Task item
Reproduce exactly, and only, the lines below from the one containing "Ди Брэдли Бейкер" through the one containing "Used 2022 Jeep".

Listed entries
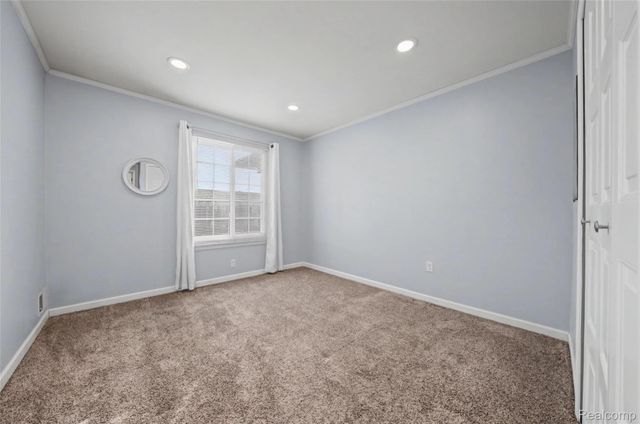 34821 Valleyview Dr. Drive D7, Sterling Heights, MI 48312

==

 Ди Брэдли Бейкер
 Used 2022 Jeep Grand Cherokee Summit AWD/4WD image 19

Result
 Ди Брэдли Бейкер
 Used 2022 Jeep Grand Cherokee Summit AWD/4WD image 19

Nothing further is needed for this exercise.